On our way westward we drove past Stonehenge (the legendary burial place of Uther Pendragon, said to have been magically transported to Salisbury Plain from Ireland by Merlin) and stopped for lunch in Exeter, where we visited the gothic cathedral. We had rented a cottage near St Agnes on the Cornish north coast, so our way took us through Bodmin Moor. There we visited Dozmary Pool, the place (well, one of them...) where Sir Bedivere is said to have thrown Excalibur after the battle of Camlann, at Arthur's command. Alas, we spotted no arm clad in white samite, but Craig struck a very knightly pose and had his picture taken a great many times. There was also the obligatory skipping of stones, which resulted in photographs apparently showing James and Andrew dancing the 'twist'.

The next day we headed west, spending the morning wandering around St Ives. We had lunch on Trencrom Castle, a hill a few miles south of St Ives with a breathtaking view from the summit of St Ives bay to the north, and St Michael's Mount in the hazy distance to the south. We accidentally walked up the bridle path rather than the footpath, which owing to its unfriendly and prickly vegetation led to a resurgence of the dread 'Morgause' joke. A boomerang was found in residence, and Craig (as our pilgrim from Oz) was prevailed upon to demonstrate. It subsequently took some time to retrieve his watch from the gorse, which was achieved thanks to the timely intervention of St Antony of Padua (embodied for the occasion in Neil, our Regent). From Trencrom we drove to Truro, to pick up our twelfth pilgrim, Louise, who was joining us from Arthur's Seat in Edinburgh (and also some necessary provisions).
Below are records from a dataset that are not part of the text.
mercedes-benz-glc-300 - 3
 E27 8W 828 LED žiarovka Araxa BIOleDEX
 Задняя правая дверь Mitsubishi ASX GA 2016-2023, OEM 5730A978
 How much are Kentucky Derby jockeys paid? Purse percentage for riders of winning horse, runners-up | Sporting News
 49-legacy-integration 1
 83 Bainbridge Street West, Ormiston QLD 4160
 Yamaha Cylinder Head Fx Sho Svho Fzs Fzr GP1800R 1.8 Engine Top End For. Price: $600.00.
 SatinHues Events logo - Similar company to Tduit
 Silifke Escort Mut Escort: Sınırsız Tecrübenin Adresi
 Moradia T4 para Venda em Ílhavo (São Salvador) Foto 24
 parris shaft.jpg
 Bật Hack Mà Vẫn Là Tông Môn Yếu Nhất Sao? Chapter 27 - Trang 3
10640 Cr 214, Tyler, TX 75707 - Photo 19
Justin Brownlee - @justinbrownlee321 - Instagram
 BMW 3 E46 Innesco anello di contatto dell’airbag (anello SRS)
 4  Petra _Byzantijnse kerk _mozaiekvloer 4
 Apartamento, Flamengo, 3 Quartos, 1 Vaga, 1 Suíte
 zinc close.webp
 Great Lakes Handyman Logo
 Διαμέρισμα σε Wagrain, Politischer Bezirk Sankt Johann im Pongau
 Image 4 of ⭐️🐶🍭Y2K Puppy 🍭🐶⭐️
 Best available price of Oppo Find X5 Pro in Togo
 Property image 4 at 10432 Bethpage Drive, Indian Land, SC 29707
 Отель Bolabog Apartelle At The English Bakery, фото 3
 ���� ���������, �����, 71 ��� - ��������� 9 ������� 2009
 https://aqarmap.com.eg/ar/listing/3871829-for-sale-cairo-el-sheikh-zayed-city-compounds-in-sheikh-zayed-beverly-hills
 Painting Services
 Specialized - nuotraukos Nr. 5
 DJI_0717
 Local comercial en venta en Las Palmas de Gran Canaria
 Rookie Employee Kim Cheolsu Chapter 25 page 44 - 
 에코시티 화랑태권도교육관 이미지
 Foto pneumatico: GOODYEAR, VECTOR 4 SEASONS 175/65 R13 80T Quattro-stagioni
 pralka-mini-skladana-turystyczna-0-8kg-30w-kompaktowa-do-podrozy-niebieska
On Tuesday we drove east along the north coast of Cornwall, and our first stop was Rump's Point near Polzeath, an ancient promontory fort with the additional interest of the rather melancholy wreck of the brig Maria Asumpta - I suspect the Arthurians were the only visitors who were there for the fort! Next came what was probably the Arthurian highlight of the week, Tintagel, whose castle is the legendary birthplace of King Arthur. Making our way past 'King Arthur's Car Park' and the 'King Arthur's Arms', we had lunch perched on a ledge overlooking Merlin's Cave (said to be haunted by his ghost), and then dispersed for a few hours to wander about the spectacular ruins of the castle, and St Materiana's church a little further along the headland. Next, at Slaughterbridge, whose name gives it a tenuous claim to being the site of the battle of Camlann, we clambered along the steep, overgrown bank of the river Camel to find a stone whose inscription bears Arthur's name.

Wednesday saw more exploration of central Cornwall. First we stopped at Roche to visit the ruins of the hermitage built on top of a rocky outcrop in the plain. This is where the hermit Ogrin is said to have advised Tristan and Yseult during their banishment from King Mark's court. Next we drove into Bodmin Moor, there to seek King Arthur's Hall (actually a mediaeval hunting lodge). Little did we know (until it was Too Late) that this was to be one of the hottest days of the month, and that the footpath oh so clearly marked on the O.S. map was quite fictitious! After about an hour of wandering in directions we hoped weren't aimless, we eventually struck lucky; our way back to the minibus took us through a bog, over a stream and past an electric fence. After lunch (in a shady, cool lay-by) we visited the church of St Dennis, which is built on top of a steep hill which can be identified with Dimilioc, where (according to Geoffrey of Monmouth) Duke Gorlois was killed. The wall of the churchyard is circular and follows the hill's ancient fortifications.

On the following day we headed west again, visiting Marazion and St Michael's Mount in the morning. Here Arthur fought a giant, whose heart can still be seen amongst the flagstones of the steps leading up to the castle. In the afternoon we embarked upon an ill-fated expedition to a 6th-century Celtic chapel and wishing well near Madron, a few miles north of Penzance, after which we intended to drive to Zennor. But unbeknownst to us, while we were sampling the water of the holy well and sitting around the leafy ruins of the tiny chapel, the Pirates of Penzance were taking advantage of the faulty window-latch on the minibus door to have their wicked way with several bags that had been left within. So Zennor with its carved mermaid and its Quoit had to be abandoned, and we spent the remainder of the afternoon cancelling chequebooks and cards, and giving our particulars to an officer at the Penzance police station. Kalpen vociferously blamed the 'malefic well', and for the rest of the trip refused to go anywhere near one.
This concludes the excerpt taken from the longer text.